Que es el desierto sino la infinita acumulación de ideas. La idea de la sequía, la del bosque en huelga indefinida, la del minero machacando la roca, la de una niña demasiado flaca y débil como para nacer y crecer allí, dar sus primeros pasos y más tarde sus primeros besos con labios salados, mejillas rojas, custodiada por un sol portentoso y el vapor del Pacífico.
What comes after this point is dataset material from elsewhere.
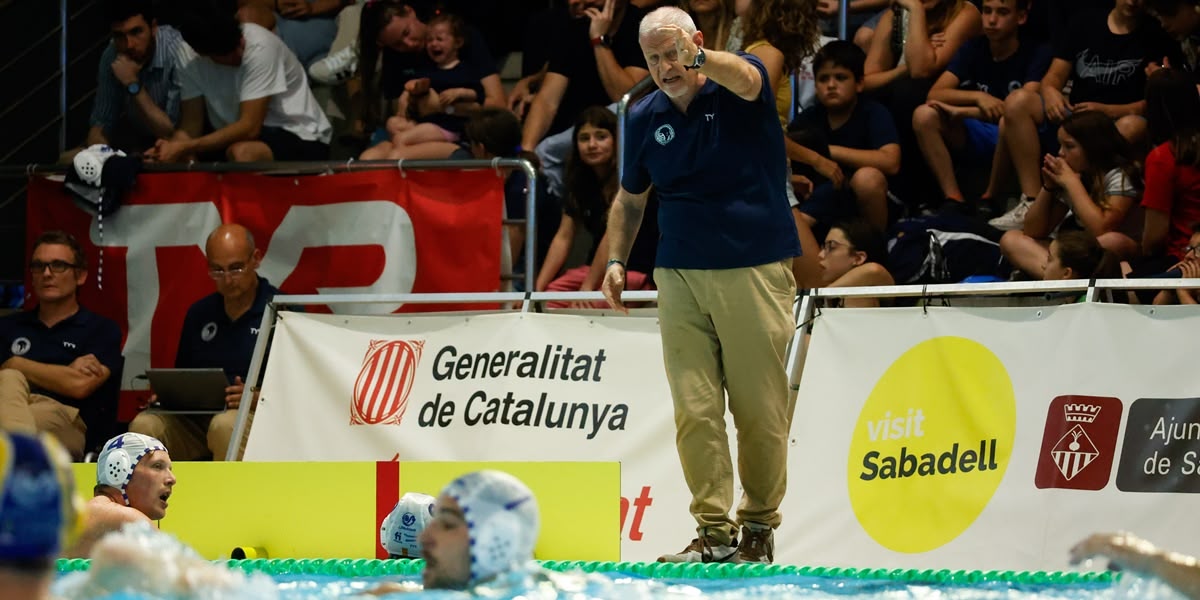 L'entrenador del CN Sabadell, Quim Colet, durant el partit. Autor: David Jiménez.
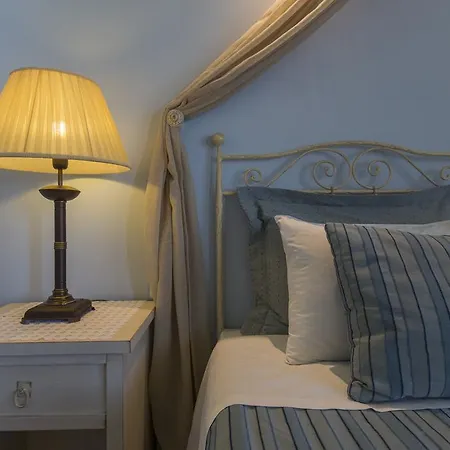 Anassa Deluxe Kamári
Que es el Atacama sino la capacidad infinita de renacer, de echar raíces entre las piedras, taladrar con dedos vegetales el fondo duro de la tierra hasta encontrar las vetas y las aguas ocultas. Nacer, vivir y morir allí, en el desierto. Oh, si ella pudiera, si las agujas del tiempo dieran marcha atrás y floreciera la niña en las calles de la infancia y la adolescencia antofagastina.
Habitó la pampa salitrera, la niña fue un crecer entre polvo de faenas y extremos, con visitas regulares a una Antofagasta fructífera al sur y agonizante al norte, un espejo de Chile, el reflejo de la desigualdad que observaba también en Pedro de Valdivia.
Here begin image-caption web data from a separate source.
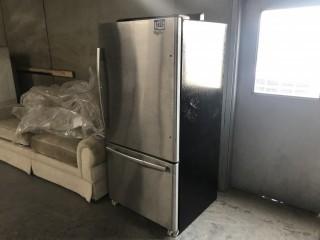 Whirlpool Model GB2FHDXWS07 22 cu.ft. Stainless Steel Refrigerator w/ Bottom Freezer & Ice Machine. 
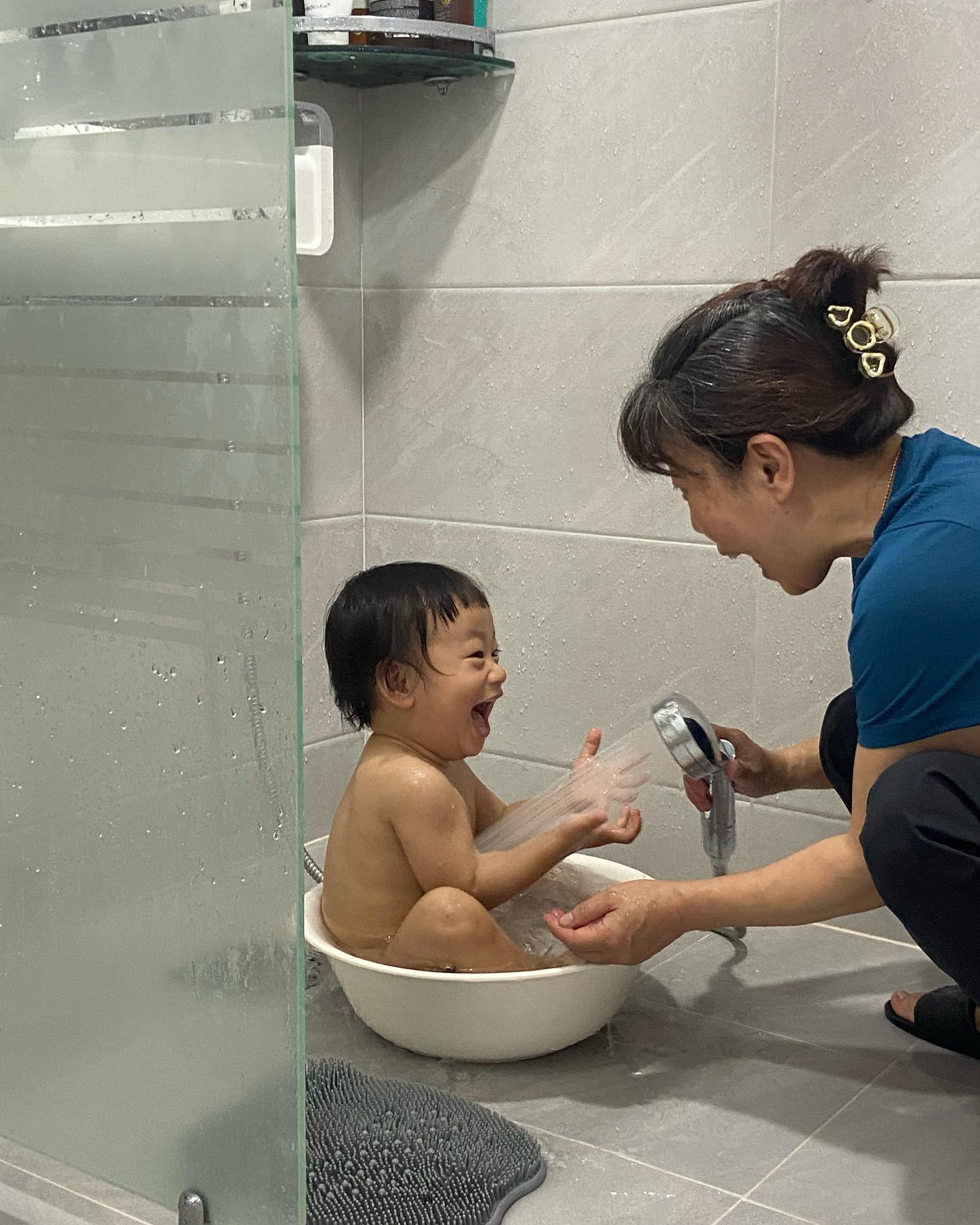 너의 주말은 행복했던것 같다 🥹❤️🤍
몸이 점점 무거워져 시댁에도움을 받으며 주말보내기🤍 
어제는 아온이 시부모님댁에서 재우고 신랑이랑 오랜만에 영화데이트❤️ 구남친현남편 이라며 ㅋㅋㅋㅋㅋㅋ 영화 시작전 결혼기념일이 언제였지? 하고 둘이 재잘재잘 ㅋㅋㅋㅋㅋㅋ
워낙 기념일을 서로 안챙기는걸 좋아하는지라 세상 몇일이었는지 기억 안나는 결혼 기념일 ㅋㅋㅋㅋㅋㅋㅋㅋㅋㅋ 
둘찌딸맘 확정이라 이제 예쁜거만 눈에 보이는 아온마미 🤟🏻🌸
Cuando Antofagasta volvió a ser su hogar definitivo, descubrió que ya no era la calle única de su memoria sino que un laberinto, un mapa del cual había perdido su clave y pasó adoleciendo años para comprenderla, para volver a quererla.
Pero la niña ya no es niña, ni es joven ni es flaca, el ancla del cerro mayor no consiguió retenerla. Es adulta ahora y camina en tierras lejanas y habla otras lenguas, aunque persiste en el ser pedrina y antofagastina, nortina y chilena y no cualquier chilena, sino que una del desierto.
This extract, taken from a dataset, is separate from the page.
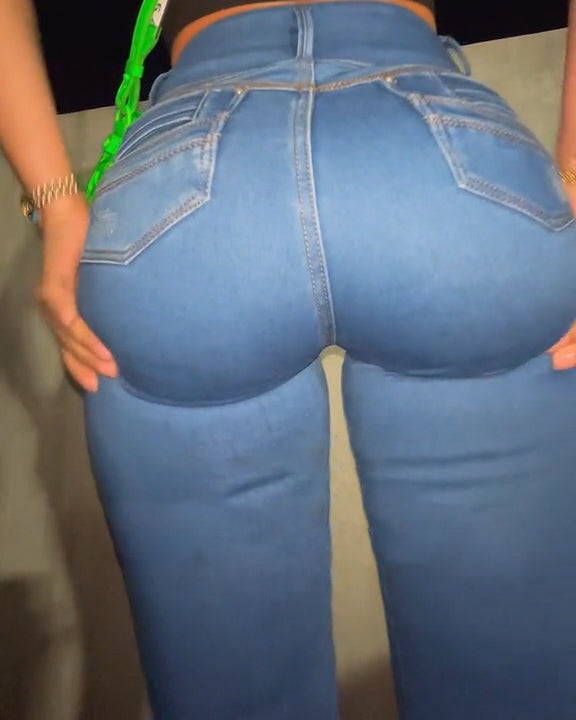 Kolumbianische High-Rise-Hüftlifter-Skinny-Stretch-Jeans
El Atacama le ha dejado una huella, un lunar grande y asentado en la frente que ejerce poder sobre sus vivencias, impone visión y música, cual luna cantándole a las olas.
La niña ya no es niña, ni es joven ni es flaca. No es más que la infinita acumulación de ideas, de vidas, ciudades y pueblos, lluvias y sequedades. No es más que un desierto convertido en madre y esposa y un poco lancha pesquera dejada a voluntad de la marea. Es lobo de mar robusto, moreno y peleón.
Y áspera como su tierra, a donde siempre desea regresar.